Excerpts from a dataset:

☆ ☆ ☆ ☆ ☆

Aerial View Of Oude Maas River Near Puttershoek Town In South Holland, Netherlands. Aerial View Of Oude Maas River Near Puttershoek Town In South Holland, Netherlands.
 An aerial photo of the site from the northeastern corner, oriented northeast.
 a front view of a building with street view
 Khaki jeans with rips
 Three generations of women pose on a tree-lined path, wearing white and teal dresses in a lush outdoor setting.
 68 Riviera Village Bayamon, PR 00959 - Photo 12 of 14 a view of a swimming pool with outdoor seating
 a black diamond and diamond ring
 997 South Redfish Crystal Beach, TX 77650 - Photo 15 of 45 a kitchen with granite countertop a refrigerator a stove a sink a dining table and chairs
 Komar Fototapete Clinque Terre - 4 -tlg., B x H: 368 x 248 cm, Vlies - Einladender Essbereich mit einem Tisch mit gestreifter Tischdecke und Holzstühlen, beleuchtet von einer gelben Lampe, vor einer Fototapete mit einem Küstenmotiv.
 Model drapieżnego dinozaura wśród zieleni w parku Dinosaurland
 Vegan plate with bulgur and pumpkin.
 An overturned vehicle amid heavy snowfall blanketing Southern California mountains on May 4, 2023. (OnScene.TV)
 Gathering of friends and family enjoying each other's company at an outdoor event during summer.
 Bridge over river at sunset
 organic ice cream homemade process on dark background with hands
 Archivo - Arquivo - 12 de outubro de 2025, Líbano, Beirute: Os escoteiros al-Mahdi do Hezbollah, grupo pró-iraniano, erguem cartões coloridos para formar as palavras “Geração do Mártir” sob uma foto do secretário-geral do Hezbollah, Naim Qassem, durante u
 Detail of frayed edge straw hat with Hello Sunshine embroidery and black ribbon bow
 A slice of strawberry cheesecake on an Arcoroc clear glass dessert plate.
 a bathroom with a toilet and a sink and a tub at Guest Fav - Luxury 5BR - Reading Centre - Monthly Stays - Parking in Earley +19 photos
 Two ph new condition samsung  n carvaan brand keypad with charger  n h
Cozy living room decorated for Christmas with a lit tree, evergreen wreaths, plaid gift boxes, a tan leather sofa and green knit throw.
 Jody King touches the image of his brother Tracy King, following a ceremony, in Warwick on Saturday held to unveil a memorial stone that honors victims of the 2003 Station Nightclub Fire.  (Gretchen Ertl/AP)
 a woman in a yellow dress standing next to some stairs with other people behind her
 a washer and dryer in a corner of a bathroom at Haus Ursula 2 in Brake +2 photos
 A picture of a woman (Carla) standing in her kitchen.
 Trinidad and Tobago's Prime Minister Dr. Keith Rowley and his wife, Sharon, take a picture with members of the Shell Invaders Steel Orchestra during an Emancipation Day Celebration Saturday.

☆ ☆ ☆ ☆ ☆

#### Assignment:
Repeat, exactly as they stand above, the lines from the line with "Detail of frayed" to the line with "A picture of", both lines included.

#### Answer box:
 Detail of frayed edge straw hat with Hello Sunshine embroidery and black ribbon bow
 A slice of strawberry cheesecake on an Arcoroc clear glass dessert plate.
 a bathroom with a toilet and a sink and a tub at Guest Fav - Luxury 5BR - Reading Centre - Monthly Stays - Parking in Earley +19 photos
 Two ph new condition samsung  n carvaan brand keypad with charger  n h
Cozy living room decorated for Christmas with a lit tree, evergreen wreaths, plaid gift boxes, a tan leather sofa and green knit throw.
 Jody King touches the image of his brother Tracy King, following a ceremony, in Warwick on Saturday held to unveil a memorial stone that honors victims of the 2003 Station Nightclub Fire.  (Gretchen Ertl/AP)
 a woman in a yellow dress standing next to some stairs with other people behind her
 a washer and dryer in a corner of a bathroom at Haus Ursula 2 in Brake +2 photos
 A picture of a woman (Carla) standing in her kitchen.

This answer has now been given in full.